Closures in Javascript

A Closure in its simplest term is an Inner Function (function within a function) that has access to its variables and the Outer Function’s variables. Closures (the inner function) will still have access to the outer function’s variables even when the outer function returns. So, we can store the inner function in a variable and execute it later in time and still have access to the outer function’s variables. Closure do not actually hold the outer function’s variables instead it holds the references.

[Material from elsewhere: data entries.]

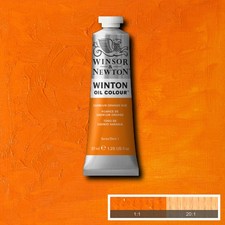 Winsor and Newton Winton Oil Colour 1.25 oz. Cadmium Orange Hue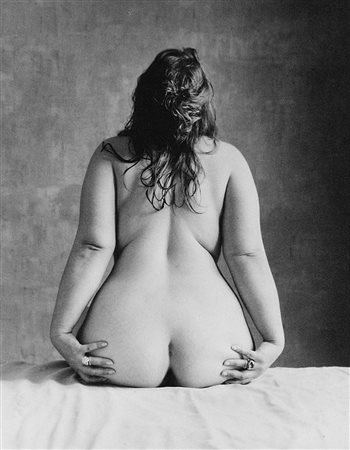 Yvon Le Marlec (1951 - 2007) Senza titolo (Nudo di schiena), 1989 Stampa...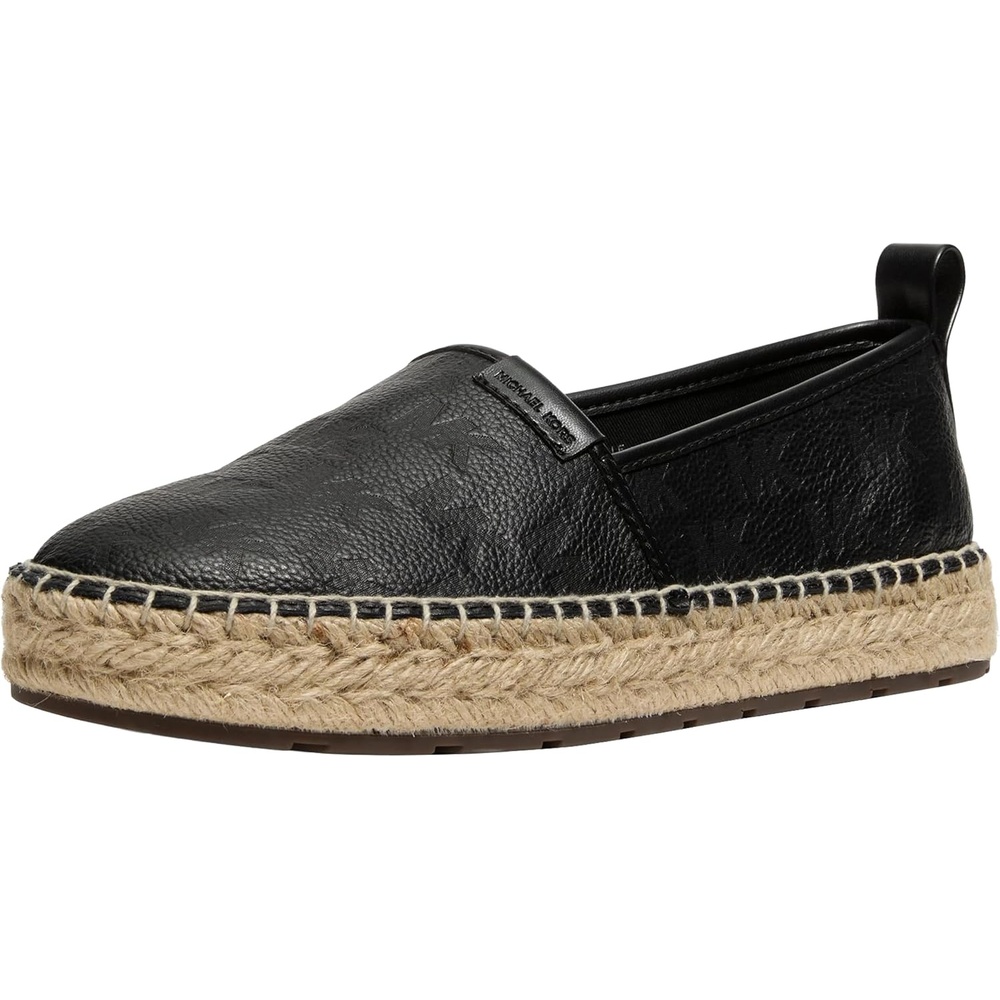 image:imageMichael Kors Mens Elias EspadrilleLeatherBlack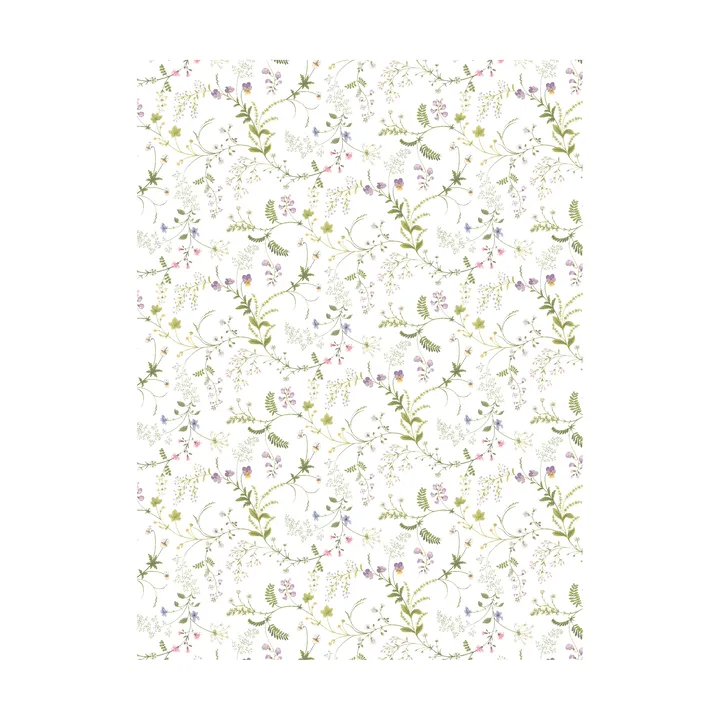 Floral Frenzy fabric - Green - Arvidssons Textil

So, if the outer function’s variable’s values changes so will values for the Closure when it executes.

The following is an example where Closure is used to demonstrate using Properties in Javascript e.g. making use of Private variable, getter and setter as Closures:

function celebrityID() {
    var celebrityID = 999;
    return {
        getID: function () {
            return celebrityID;
        },
        setID: function (theNewID) {
            celebrityID = theNewID;
        }
    };
}

var mjID = celebrityID();//Returns the object inside
mjID.getID(); //999
mjID.setID(567); 
alert(mjID.getID()); //567

But the fact that outer function variables are stored as references in Closures also arises problems like in a for loop in Javascript with Closures depicted in the following code:

function celebrityIDCreator(theCelebrities) {
    var uniqueID = 100;
    for (i = 0; i < theCelebrities.length; i++) {
        theCelebrities[i].id = function () {
            return uniqueID + i;
        };
    }
    return theCelebrities;
}

var actionCelebs = [{
    name: "Stallone",
    id: 0
}, {
    name: "Cruise",
    id: 0
}, {
    name: "Willis",
    id: 0
}];

var createIdForActionCelebs = celebrityIDCreator(actionCelebs);
var stalloneID = createIdForActionCelebs[0];
alert(stalloneID.id());

So, what we are trying to do in above code is to pass in an array of objects to a function where its property will be modified and then we get to output the modified property. In the celebrityIDCreator() function we are running a for loop and assigning a function to the array of objects passed and then returning the modified array. According to the logic we will expect the output alerted to be 100 but it will appear to be 103. Because when the function in id is invoked it will execute exactly then and by then the for loop had executed and i had been modified and incremented to 3 so the returning value from the Closure would be 103.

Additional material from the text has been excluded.